Si es que los tipos llegan a los extremos. Por ahí tengo la carta de un editor español que me ofrecía una quinta en Palma de Mallorca y mantenerme el tiempo que yo quisiera, a cambio de que le diera la próxima novela. Me tocó mandarle decir que posiblemente se había equivocado de barrio, porque yo no era una prostituta. Ese caso me hace recordar el de una vieja de Nueva York que me mandó una carta elogiando mis libros, en la cual, al final, me ofrecía enviarme, si yo quería, una foto suya de cuerpo entero. Mercedes la rompió furiosa. Voy a decirle una vaina, en serio: a los editores yo los mando, tranquila y dulcemente, al carajo.

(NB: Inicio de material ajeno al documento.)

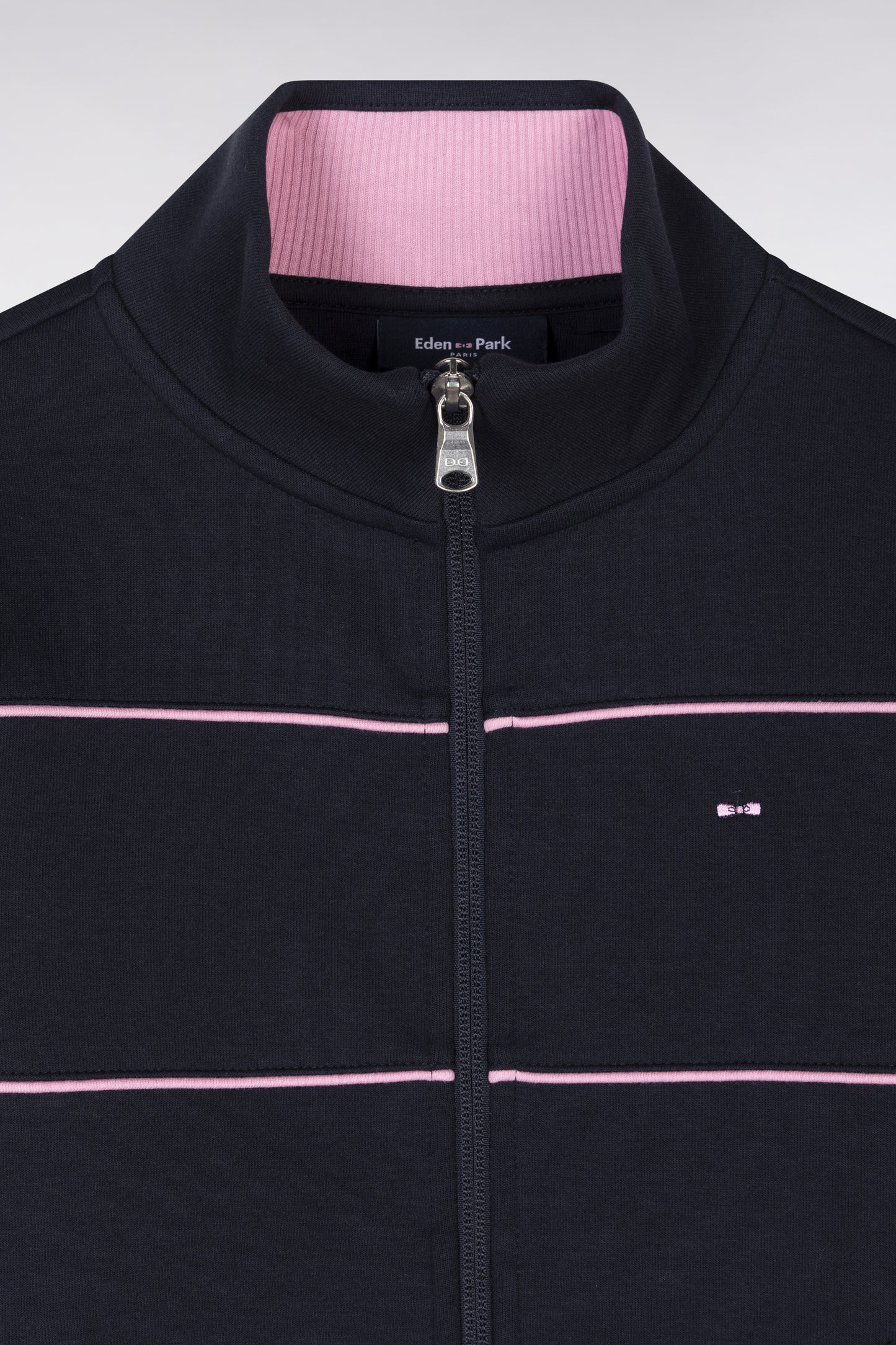 Straight-fit zipped navy stretch cotton sweatshirt with pink piping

(Vargas Llosa 2007: 180-181)
Pero el propio Carlos Barral también se vio atrapado en esta red del comercio editorial a gran escala, y en la competitividad despiadada, que le causó un rosario de problemas con la editorial por criterios fundamentalmente económicos. La empresa literaria se fue al traste cuando Víctor Seix murió en un trágico accidente: la llegada de otros miembros de la familia Seix rompió el equilibrio de la editorial y, en 1970, se produjo la separación definitiva. Seix Barral se quedó con el prestigioso nombre y con una mayor solvencia económica, pero los escritores se fueron con su mecenas, con el «padrino» del boom. En esta contienda participó activamente Vargas Llosa que, conciliador, intentó evitar esa ruptura por el beneficio de las letras hispánicas; y porque estaba profesionalmente vinculado a la editorial: sus libros habían aparecido todos bajo ese sello y desde hacía años participaba como jurado del Premio de Novela Biblioteca Breve. Vázquez Montalbán describió este duro proceso en un artículo publicado en Triunfo en 1970, y reseñó el hecho de que los intelectuales y escritores se posicionaran del lado de Carlos Barral: Marsé, García Hortelano y Vargas Llosa le comunicaron a los Seix su deseo de cancelar el contrato por títulos publicados o títulos futuros si Carlos Barral salía de la empresa. El peruano (y el resto) terminó tomando partido por Barral, al que ayudó y apoyó, asesorándole y recomendándole la publicación de los autores latinoamericanos más relevantes del momento. Así, el equipo de Carlos pasó a su nueva editorial, que se llamó Barral Editores. E incluso los miembros del jurado del premio Biblioteca Breve cambiaron de editorial para formar parte del premio, recién creado, de la nueva empresa de Carlos. Precisamente, Gabo narra su invitación a participar en este premio a Vargas en una carta:
Seix & Barral me ha pedido que te sustituya en el jurado del Biblioteca Breve. Les contesté que lo haría con mucho gusto si hacen una selección previa muy drástica y no tengo que leer más de cinco o seis originales. Lo hago sin mucha ilusión, convencido de que no habrá otro Vargas Llosa imprevisto en los próximos años, y que todo lo que viene al concurso es más o menos basura. Me consuela la idea de que por lo menos las reuniones del jurado sean divertidas.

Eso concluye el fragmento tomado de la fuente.